В самом конце письма Пушкин делает приписку, в которой говорится о реакции Бестужева на «Песнь о вещем Олеге» Пушкина. Там есть несколько нюансов, на которых хотелось бы остановиться подробнее. Он пишет:
«Тебе, кажется, „Олег“ не нравится; напрасно. Товарищеская любовь старого князя к своему коню и заботливость о его судьбе есть черта трогательного простодушия, да и происшествие само по себе в своей простоте имеет много поэтического».
Парадигма смыслов этого отрывка крайне любопытна: товарищеская, любовь, заботливость, судьба, трогательность, простодушие, простота. Не правда ли, что соединение т а к и х слов на очень небольшой части текста говорит о чем-то более значительном, чем защита поэтом одного из своих творений?

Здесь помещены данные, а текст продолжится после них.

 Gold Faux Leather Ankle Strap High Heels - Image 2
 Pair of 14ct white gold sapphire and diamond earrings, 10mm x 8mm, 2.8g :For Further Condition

Эта лексика инициирована не просто стилем подражания русским народным эпическим сказаниям, она отражает не только «чувствительность» в духе только-только умершего сентиментализма, но достаточно определенно и ясно выражает отношение поэта к неким ценностям онтологического свойства. Тем более, как он замечает далее, в этом (перечне этих чувств и состояний) есть немало поэтического. Это, собственно, отражение духовной топологии поэта, его устремленности к вещам простым, безусловным, дорогим для него и выступающими как серьезный предмет для творчества и размышлений.
Конец января — первая половина февраля 1825 года. Л. С. Пушкину. Из Михайловского в Петербург.

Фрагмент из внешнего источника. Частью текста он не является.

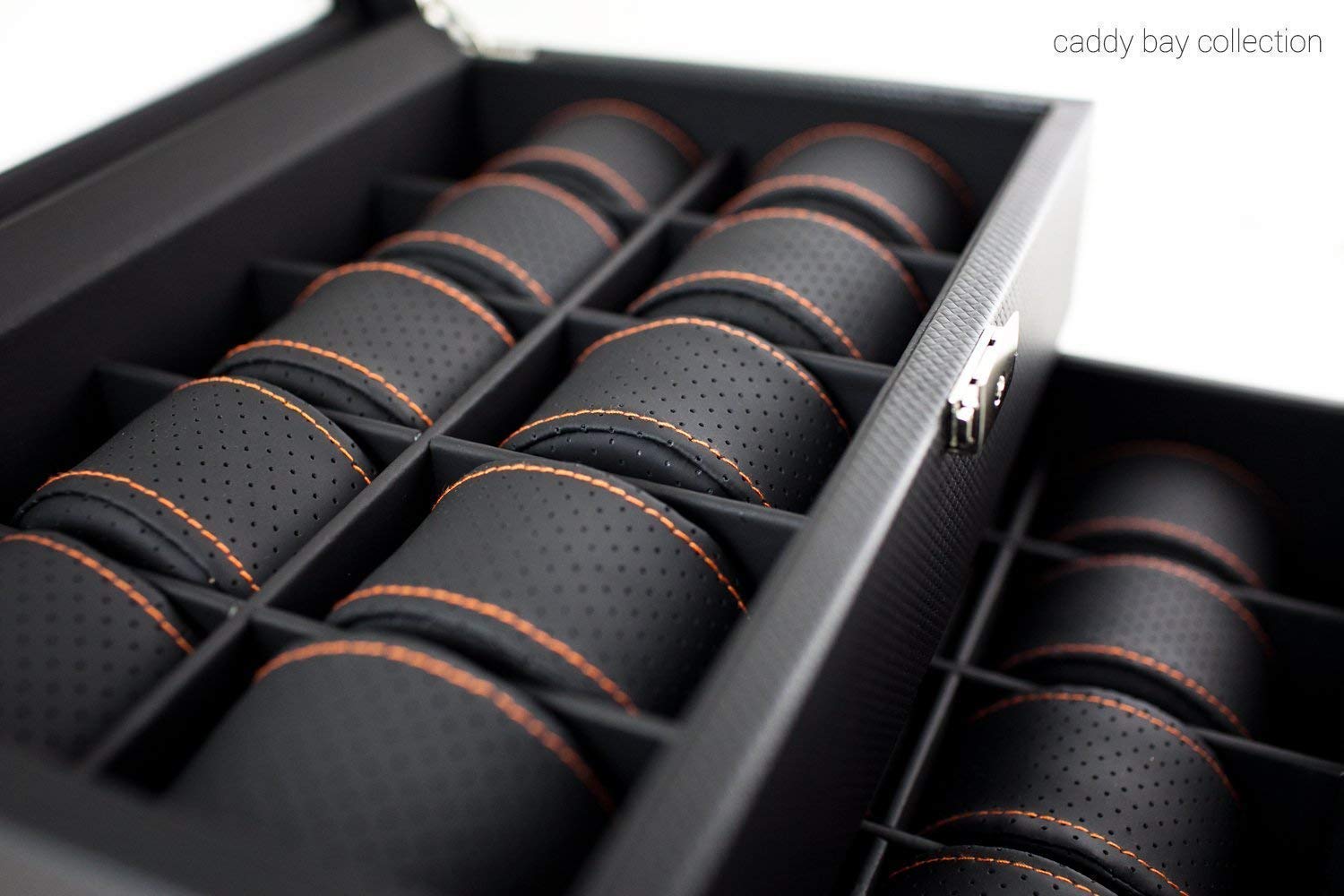 Premium Personalized Black Watch Box with Carbon Fiber Design & Orange Stitch Pillows - Holds 20 Watches (Up to 52mm) - Perfect for Watch Collectors, Gift Giving & Luxury Storage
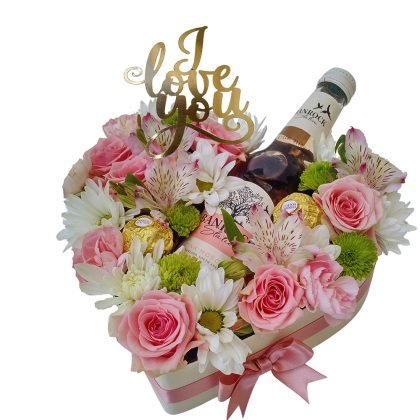 Mini roses & mix flowers with Banrock 200ml & Ferrero rocher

Жду шума от «Онегина»; покамест мне довольно скучно: ты мне не присылаешь Conversations de Byron, добро! Но, милый мой, если только возможно, отыщи, купи, выпроси, укради «Записки» Фуше и давай мне их сюда; за них отдал бы я всего Шекспира; ты не воображаешь, что такое Fouche! Он по мне очаровательнее Байрона. Эти записки должны быть сто раз поучительнее, занимательнее, ярче записок Наполеона, т. е. как политика, потому что в войне я ни черта не понимаю. На своей скале (прости Боже мое согрешение!) Наполеон поглупел…
Очаровательное место, говорящее о живом, постоянном интересе Пушкина к событиям политической и литературной жизни. Фуше, известный министр внутренних дел, служивший и при Бурбонах, и при Наполеоне, отличавшийся поразительным умениям всем угождать, был абсолютно беспринципным человеком, использовавший слабости людей и их пороки, стараясь знать все обо всех — мог ли Пушкин пройти мимо такого материала?

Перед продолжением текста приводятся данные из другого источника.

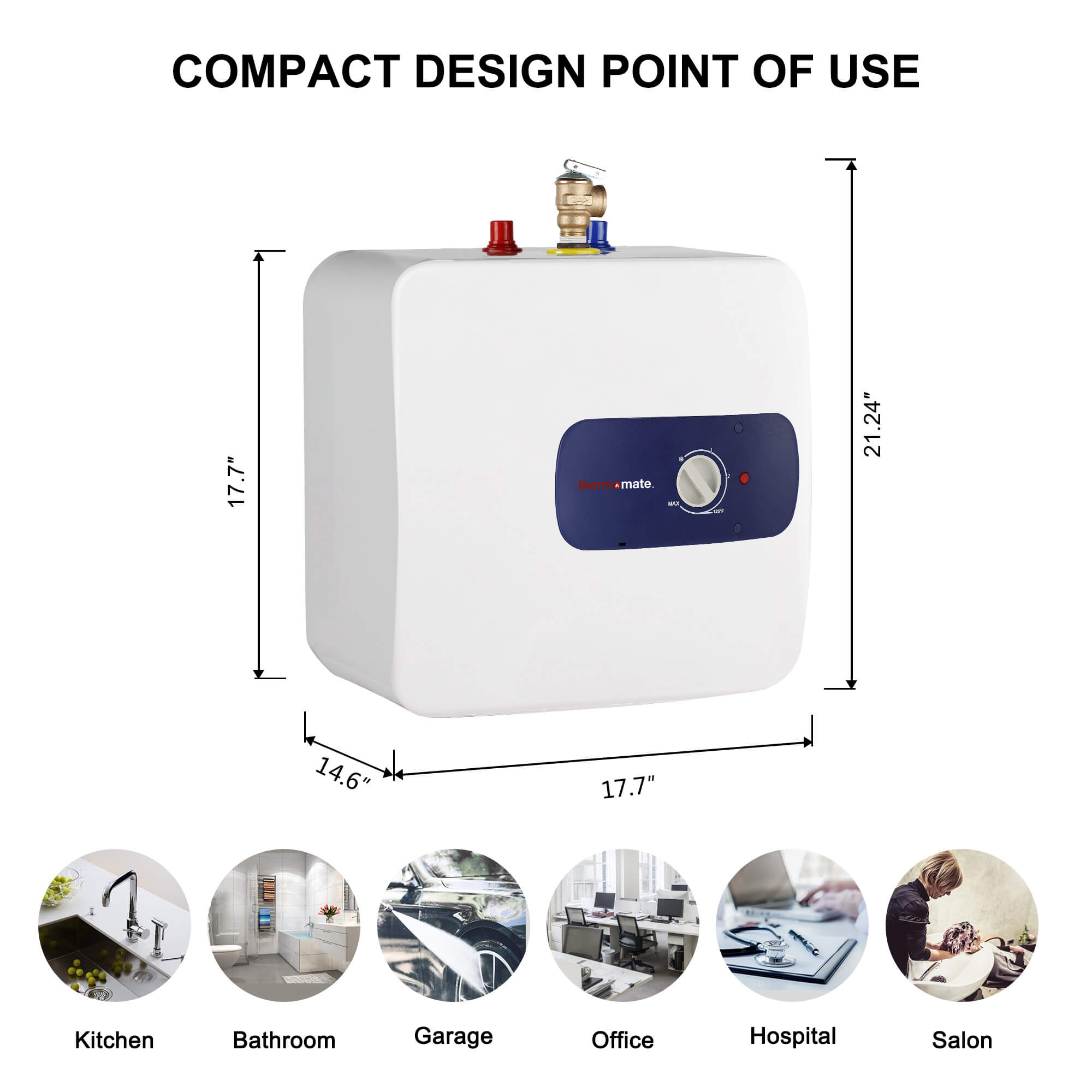 thermomate Electric Mini Tank Water Heater, ES700 6.5 Gallons Point of Use Water Heater for Instant Hot Water Under Kitchen Sink Plugin Cabled 120V 1440W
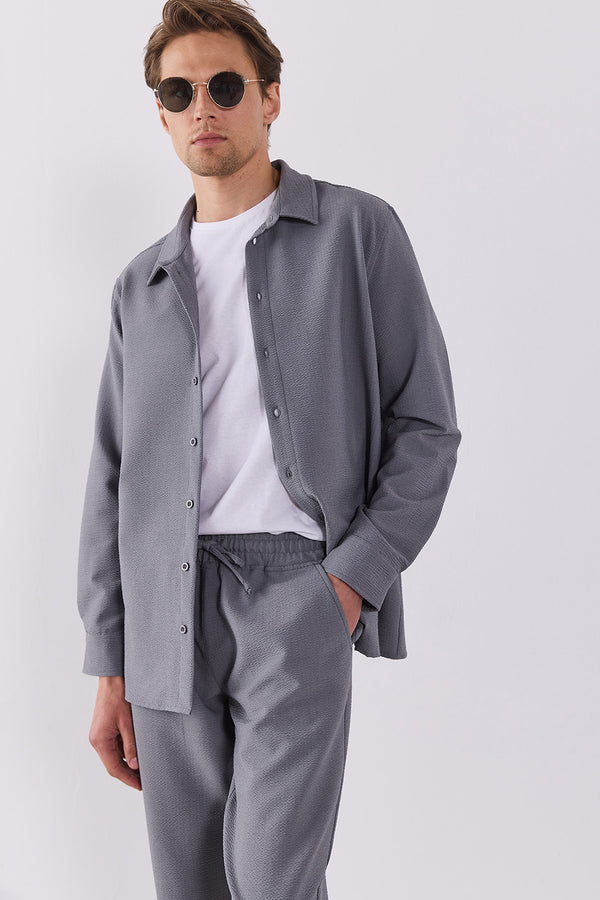 Nicolas Regular Fit Gofre Gömlek - GRİ
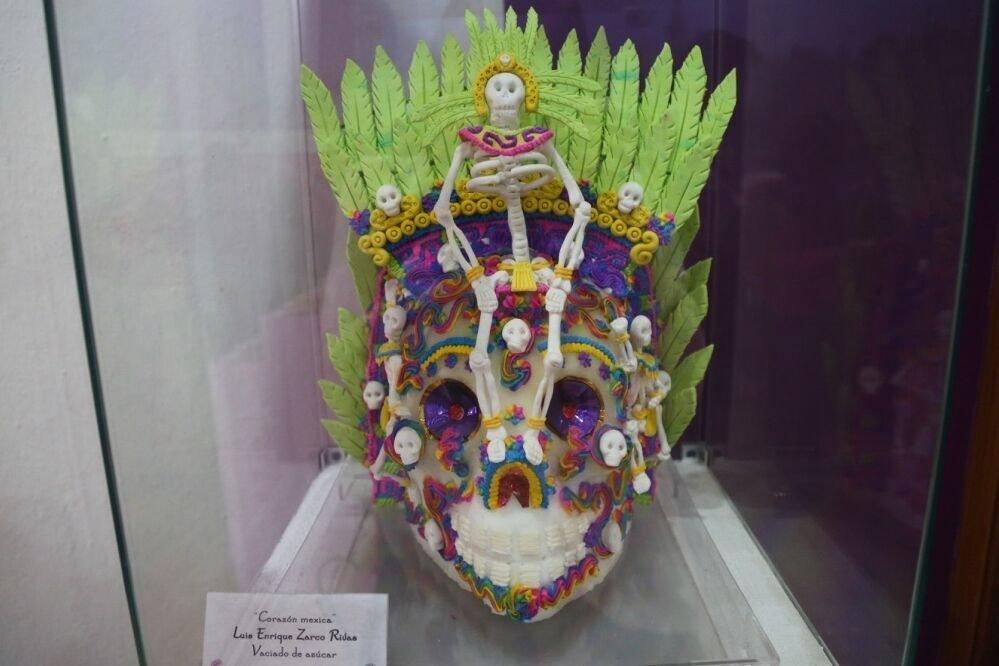 An elaborately decorated sugar skull from last year's Alfenique in Toluca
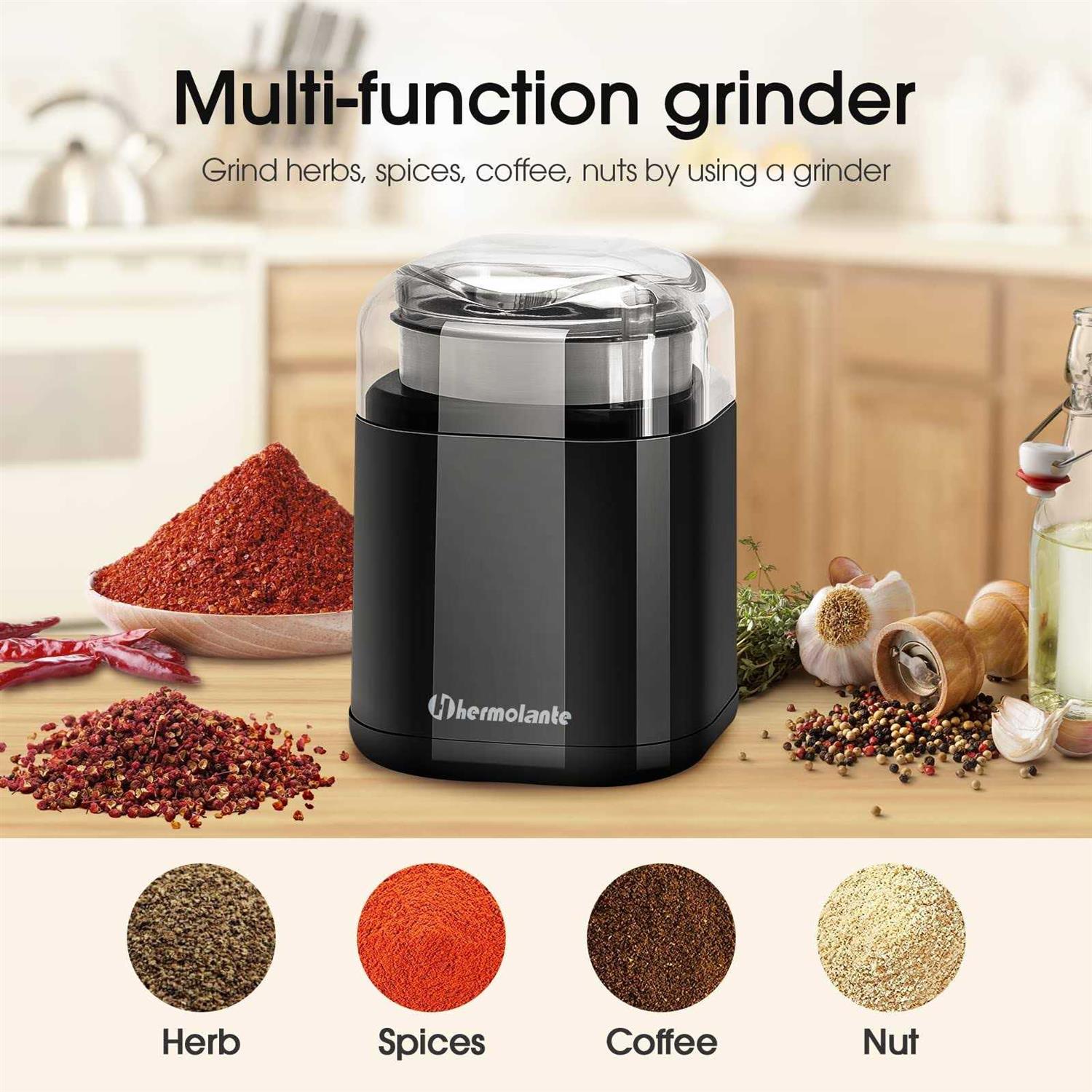 Hermolante Herb Grinder Spice Grinder, 200 w Herb Grinder with Stainless Steel Blade And Cleaning Brush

Пушкин был очень любопытным человеком в том отношении, что его интересуют всякого рода особенности в поведении и взглядах человека; одна из главных, не видных сразу, его тем — это скрытые пружины истории, поведения исторических деятелей. Об этого его постоянный интерес к Наполеону, Байрону, который был не только поэтом, но и участником борьбы Греции за свое освобождение от османского владычества, Фуше, парижскому палачу Самсону и т. д.
Интеллект Пушкина как бы не знает никаких ограничений в плане предписаний того, чем ему стоит заниматься и о чем думать. Та свобода, которая составляет квинтэссенцию его человеческой сущности и которая так ярко была выражена в его творчестве, есть отражение его уникальной человеческой индивидуальности с невиданными для своей эпохи степенями духовной и мыслительной свободы. Еще вопрос — смог ли русский человек, следующий ему в рамках историко-культурной парадигмы, в самых высших своих проявлениях от Толстого и Достоевского до Чехова и Блока, приблизиться к этому, уже достигнутому Пушкиным, уровню подлинной человеческой свободы?